Quick start guide#
Dax Kellie, Amanda Buyan
corella is a tool for standardising data in Python to use the Darwin Core Standard.
Darwin Core Standard is the primary data standard for species occurrence data—records of
organisms observed in a location and time—in the Atlas of Living Australia (ALA), other
Living Atlases and the Global Biodiversity Information Facility (GBIF). The standard allows
the ability to compile data from a variety of sources, improving the ease to share, use
and reuse data.
The main tasks to standardise data with Darwin Core Standard are:
Ensure columns use valid Darwin Core terms as column names
Include all required information (e.g. scientific name, unique observation ID, valid date)
Ensure columns contain valid data
This process can be daunting. corella is designed to reduce confusion of how to get started, and help determine which Darwin Core terms might match your column names.
Install#
See <Installation Instructions.
To load the package:
>>> import corella
Rename, add or edit columns#
Here is a minimal example dataset of cockatoo observations.
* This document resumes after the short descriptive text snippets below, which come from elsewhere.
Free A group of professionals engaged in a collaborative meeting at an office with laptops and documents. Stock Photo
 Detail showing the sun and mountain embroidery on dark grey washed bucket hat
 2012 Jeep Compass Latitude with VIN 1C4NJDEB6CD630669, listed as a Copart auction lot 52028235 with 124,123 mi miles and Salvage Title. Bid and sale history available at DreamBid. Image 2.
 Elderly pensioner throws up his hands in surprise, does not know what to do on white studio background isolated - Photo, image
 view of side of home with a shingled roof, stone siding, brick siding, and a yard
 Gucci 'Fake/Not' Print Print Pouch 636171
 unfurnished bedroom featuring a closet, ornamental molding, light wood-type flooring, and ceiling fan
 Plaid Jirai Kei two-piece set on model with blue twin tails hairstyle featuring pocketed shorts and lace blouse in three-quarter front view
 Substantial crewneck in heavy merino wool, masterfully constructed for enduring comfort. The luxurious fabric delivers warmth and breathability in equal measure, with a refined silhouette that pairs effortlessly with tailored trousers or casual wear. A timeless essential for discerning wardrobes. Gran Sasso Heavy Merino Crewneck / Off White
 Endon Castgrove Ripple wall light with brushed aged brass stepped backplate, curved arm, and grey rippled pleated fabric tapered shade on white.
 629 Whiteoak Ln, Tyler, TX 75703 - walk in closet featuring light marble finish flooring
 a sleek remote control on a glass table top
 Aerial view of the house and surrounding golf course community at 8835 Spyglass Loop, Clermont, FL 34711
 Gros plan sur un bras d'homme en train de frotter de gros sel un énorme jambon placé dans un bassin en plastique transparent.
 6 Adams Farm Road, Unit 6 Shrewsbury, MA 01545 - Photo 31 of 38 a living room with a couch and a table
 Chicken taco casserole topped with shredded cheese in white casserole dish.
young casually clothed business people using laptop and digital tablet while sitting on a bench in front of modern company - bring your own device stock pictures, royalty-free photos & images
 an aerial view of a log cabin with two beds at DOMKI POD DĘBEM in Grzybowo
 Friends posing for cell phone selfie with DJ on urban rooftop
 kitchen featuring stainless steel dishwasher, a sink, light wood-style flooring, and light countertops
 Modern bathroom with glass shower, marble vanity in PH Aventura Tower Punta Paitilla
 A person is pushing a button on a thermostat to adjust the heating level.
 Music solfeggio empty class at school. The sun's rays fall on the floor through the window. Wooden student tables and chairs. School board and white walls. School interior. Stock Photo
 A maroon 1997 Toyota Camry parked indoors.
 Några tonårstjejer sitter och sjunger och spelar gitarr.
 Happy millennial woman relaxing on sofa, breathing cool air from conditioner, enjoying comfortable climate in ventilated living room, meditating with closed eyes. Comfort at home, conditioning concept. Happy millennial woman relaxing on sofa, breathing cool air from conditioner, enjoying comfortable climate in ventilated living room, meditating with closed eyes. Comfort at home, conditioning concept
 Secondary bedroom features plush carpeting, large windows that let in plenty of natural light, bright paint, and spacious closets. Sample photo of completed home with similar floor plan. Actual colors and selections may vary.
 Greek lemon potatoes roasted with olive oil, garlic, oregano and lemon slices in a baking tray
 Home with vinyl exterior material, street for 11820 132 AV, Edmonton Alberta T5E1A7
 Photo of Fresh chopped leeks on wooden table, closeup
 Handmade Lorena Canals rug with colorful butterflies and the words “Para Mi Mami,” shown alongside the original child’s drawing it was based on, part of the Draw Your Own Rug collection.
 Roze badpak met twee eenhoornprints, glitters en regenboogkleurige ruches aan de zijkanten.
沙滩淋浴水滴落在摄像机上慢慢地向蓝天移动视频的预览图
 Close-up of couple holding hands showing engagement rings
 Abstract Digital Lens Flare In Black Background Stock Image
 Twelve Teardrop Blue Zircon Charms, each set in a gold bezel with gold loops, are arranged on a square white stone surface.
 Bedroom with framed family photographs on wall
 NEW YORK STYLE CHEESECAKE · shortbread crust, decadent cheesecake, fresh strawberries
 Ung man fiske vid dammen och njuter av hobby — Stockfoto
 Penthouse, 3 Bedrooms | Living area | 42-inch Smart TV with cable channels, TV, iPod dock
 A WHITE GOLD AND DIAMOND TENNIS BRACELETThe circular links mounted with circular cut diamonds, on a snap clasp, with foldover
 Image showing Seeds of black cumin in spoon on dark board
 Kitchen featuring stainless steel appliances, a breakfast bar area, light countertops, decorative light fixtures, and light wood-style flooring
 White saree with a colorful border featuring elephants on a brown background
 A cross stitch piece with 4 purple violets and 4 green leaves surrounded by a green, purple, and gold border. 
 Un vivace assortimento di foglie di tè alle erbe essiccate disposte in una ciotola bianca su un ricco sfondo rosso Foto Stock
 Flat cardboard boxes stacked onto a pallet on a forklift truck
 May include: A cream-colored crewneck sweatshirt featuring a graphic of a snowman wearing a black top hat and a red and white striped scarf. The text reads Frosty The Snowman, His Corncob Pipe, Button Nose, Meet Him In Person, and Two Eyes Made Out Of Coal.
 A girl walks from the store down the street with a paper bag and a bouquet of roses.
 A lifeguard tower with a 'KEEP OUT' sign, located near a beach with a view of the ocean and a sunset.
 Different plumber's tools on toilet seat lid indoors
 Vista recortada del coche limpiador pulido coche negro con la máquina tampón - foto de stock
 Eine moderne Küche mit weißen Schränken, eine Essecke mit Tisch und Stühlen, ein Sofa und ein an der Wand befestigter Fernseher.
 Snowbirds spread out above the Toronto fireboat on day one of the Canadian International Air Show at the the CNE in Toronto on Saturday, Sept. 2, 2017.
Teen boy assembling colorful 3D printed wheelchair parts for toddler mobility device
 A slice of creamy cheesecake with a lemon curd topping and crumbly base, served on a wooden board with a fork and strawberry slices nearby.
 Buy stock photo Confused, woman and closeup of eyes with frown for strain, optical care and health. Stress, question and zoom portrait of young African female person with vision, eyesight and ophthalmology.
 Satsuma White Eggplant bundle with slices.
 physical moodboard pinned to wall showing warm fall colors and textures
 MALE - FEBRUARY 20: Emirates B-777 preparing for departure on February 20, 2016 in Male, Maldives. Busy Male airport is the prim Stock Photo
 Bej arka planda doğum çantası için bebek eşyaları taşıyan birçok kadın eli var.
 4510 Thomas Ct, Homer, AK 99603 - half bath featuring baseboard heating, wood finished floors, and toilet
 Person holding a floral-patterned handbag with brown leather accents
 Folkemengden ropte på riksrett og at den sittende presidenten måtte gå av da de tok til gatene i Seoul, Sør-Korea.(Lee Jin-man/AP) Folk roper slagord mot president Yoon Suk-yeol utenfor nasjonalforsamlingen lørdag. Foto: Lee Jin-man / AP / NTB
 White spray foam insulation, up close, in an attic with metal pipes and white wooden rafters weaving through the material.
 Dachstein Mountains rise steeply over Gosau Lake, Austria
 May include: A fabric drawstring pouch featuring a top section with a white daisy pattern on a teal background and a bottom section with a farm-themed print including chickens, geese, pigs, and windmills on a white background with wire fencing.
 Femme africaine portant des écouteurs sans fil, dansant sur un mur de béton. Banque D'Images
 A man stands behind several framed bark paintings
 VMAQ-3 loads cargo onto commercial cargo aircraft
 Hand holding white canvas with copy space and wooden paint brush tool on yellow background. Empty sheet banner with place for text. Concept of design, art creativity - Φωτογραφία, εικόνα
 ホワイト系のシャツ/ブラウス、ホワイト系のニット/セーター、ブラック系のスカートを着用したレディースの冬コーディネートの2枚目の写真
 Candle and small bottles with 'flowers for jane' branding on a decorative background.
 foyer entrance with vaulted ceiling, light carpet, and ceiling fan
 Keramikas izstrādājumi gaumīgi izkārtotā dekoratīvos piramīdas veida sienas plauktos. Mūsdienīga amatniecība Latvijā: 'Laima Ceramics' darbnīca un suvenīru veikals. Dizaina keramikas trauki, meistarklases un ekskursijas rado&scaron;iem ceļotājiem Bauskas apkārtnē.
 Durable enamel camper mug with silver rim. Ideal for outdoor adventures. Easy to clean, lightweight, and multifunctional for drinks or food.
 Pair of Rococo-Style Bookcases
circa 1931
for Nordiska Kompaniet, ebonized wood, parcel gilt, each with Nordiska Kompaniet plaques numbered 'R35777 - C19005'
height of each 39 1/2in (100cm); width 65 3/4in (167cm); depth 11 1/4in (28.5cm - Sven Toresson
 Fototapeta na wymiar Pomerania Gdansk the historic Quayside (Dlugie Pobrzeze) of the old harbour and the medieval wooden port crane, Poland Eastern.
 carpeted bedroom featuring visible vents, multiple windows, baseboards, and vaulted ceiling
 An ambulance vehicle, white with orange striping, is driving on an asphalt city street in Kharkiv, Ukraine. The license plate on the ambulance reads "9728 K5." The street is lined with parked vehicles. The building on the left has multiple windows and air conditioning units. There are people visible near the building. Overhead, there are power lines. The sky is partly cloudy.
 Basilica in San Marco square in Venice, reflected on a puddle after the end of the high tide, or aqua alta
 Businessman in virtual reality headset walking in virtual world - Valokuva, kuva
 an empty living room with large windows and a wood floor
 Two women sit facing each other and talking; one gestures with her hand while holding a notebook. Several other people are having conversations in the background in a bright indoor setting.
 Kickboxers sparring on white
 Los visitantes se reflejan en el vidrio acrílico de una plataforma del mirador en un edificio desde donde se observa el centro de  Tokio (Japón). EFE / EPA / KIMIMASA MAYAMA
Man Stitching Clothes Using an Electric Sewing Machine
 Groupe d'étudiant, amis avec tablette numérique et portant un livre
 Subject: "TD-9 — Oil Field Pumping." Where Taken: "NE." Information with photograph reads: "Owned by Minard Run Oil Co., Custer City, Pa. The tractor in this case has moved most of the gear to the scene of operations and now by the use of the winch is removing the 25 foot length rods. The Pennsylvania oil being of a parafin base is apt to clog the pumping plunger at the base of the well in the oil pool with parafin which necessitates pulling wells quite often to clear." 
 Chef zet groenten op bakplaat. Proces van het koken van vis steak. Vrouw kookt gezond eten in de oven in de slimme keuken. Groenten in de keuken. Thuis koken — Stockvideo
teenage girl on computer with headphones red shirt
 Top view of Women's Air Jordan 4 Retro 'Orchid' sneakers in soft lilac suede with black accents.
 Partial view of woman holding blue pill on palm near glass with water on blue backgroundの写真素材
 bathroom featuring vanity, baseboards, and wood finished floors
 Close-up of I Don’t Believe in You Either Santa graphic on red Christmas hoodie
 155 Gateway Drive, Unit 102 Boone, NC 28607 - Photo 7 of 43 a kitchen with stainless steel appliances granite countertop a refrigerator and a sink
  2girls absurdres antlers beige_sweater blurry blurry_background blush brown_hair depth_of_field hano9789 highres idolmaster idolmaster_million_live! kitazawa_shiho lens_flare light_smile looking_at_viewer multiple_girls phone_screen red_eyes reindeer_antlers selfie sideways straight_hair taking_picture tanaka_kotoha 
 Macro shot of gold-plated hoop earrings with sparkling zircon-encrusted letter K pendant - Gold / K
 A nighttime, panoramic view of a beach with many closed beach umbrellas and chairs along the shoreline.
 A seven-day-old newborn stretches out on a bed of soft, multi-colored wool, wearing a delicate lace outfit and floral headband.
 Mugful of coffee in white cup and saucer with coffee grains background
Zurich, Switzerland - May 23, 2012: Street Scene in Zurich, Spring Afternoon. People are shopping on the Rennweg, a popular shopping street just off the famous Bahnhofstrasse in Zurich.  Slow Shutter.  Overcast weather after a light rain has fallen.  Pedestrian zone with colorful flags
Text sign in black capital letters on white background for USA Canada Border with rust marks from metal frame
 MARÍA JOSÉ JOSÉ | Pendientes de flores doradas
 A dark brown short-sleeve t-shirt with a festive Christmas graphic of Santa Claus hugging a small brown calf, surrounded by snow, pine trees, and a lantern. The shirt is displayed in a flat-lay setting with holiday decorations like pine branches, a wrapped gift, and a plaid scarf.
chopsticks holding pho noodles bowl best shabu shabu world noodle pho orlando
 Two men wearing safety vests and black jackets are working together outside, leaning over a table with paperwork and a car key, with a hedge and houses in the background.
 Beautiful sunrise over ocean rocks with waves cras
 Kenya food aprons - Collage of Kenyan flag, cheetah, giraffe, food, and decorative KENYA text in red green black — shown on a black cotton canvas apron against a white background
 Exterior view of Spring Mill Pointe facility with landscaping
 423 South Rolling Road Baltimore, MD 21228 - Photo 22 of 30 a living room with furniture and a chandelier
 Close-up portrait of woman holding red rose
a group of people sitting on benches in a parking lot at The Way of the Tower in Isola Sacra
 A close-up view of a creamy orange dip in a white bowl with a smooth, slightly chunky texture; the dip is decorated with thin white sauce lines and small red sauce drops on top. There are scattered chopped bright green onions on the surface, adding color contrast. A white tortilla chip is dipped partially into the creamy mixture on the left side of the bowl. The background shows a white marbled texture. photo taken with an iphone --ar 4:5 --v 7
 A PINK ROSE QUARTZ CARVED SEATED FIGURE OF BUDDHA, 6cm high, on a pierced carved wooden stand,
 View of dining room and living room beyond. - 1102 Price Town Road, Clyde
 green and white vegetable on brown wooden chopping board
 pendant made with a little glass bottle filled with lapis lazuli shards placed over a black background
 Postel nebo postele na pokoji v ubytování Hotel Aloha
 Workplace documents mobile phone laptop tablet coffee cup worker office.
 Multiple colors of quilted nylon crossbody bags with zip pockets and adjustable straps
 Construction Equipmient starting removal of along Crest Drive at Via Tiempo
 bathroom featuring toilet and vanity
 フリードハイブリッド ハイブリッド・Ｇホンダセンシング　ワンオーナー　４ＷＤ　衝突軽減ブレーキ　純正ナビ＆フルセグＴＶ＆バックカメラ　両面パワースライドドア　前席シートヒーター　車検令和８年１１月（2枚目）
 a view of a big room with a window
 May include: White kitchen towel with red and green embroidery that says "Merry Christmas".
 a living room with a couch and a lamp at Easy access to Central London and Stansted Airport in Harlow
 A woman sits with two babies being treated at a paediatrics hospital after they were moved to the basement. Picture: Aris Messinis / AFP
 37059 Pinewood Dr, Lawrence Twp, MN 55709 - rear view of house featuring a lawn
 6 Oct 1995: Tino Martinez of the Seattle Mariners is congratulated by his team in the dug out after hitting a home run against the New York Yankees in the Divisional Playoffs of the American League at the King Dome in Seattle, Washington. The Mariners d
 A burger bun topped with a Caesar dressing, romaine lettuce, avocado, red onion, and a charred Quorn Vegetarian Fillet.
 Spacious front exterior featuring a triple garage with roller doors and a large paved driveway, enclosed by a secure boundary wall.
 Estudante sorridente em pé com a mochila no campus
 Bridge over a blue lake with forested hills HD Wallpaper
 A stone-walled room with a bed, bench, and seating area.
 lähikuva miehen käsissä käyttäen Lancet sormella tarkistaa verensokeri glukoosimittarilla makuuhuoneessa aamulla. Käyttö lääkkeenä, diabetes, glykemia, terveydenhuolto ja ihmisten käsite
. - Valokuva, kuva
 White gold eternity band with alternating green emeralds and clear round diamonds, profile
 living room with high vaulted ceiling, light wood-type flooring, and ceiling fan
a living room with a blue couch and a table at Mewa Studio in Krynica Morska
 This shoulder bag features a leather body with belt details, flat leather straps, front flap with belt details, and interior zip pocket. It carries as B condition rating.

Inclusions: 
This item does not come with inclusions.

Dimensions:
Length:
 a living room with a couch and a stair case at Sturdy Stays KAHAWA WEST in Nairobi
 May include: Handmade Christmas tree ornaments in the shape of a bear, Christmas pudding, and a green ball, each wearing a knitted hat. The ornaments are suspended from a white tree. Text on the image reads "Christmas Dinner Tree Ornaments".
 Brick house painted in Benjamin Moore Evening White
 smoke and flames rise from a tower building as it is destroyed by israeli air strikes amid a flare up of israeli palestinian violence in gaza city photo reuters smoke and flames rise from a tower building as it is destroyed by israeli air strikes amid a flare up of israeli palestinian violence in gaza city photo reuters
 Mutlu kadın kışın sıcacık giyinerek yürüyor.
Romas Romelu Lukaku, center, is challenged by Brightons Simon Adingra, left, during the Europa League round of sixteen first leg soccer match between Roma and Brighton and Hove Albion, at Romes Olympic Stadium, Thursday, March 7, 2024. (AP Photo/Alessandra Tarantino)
In our dataframe,
df, there are columns that contain information that we would like to standardise
using Darwin Core.
>>> import pandas as pd
>>> df = pd.DataFrame({
... 'latitude': [-35.310, "-35.273"], # deliberate error for demonstration purposes
... 'longitude': [149.125, 149.133],
... 'date': ["14-01-2023", "15-01-2023"],
... 'time': ["10:23:00", "11:25:00"],
... 'month': ["January", "February"],
... 'day': [100, 101],
... 'species': ["Callocephalon fimbriatum", "Eolophus roseicapilla"],
... 'n': [2, 3],
... 'crs': ["WGS84", "WGS8d"],
... 'country': ["Australia", "Denmark"],
... 'continent': ["Oceania", "Europe"]
... })
>>> df
latitude longitude date time ... n crs country continent
0 -35.31 149.125 14-01-2023 10:23:00 ... 2 WGS84 Australia Oceania
1 -35.273 149.133 15-01-2023 11:25:00 ... 3 WGS8d Denmark Europe
[2 rows x 11 columns]
We can standardise our data with set_ functions. The set_ functions possess a suffix name
to identify what type of data they are used to standardise (e.g. set_coordinates, set_datetime),
and arguments in set_ functions are valid Darwin Core terms (ie column names). By grouping Darwin
Core terms based on their data type, corella makes it easier for users to find relevant Darwin Core
terms to use as column names (one of the most onerous parts of Darwin Core for new users).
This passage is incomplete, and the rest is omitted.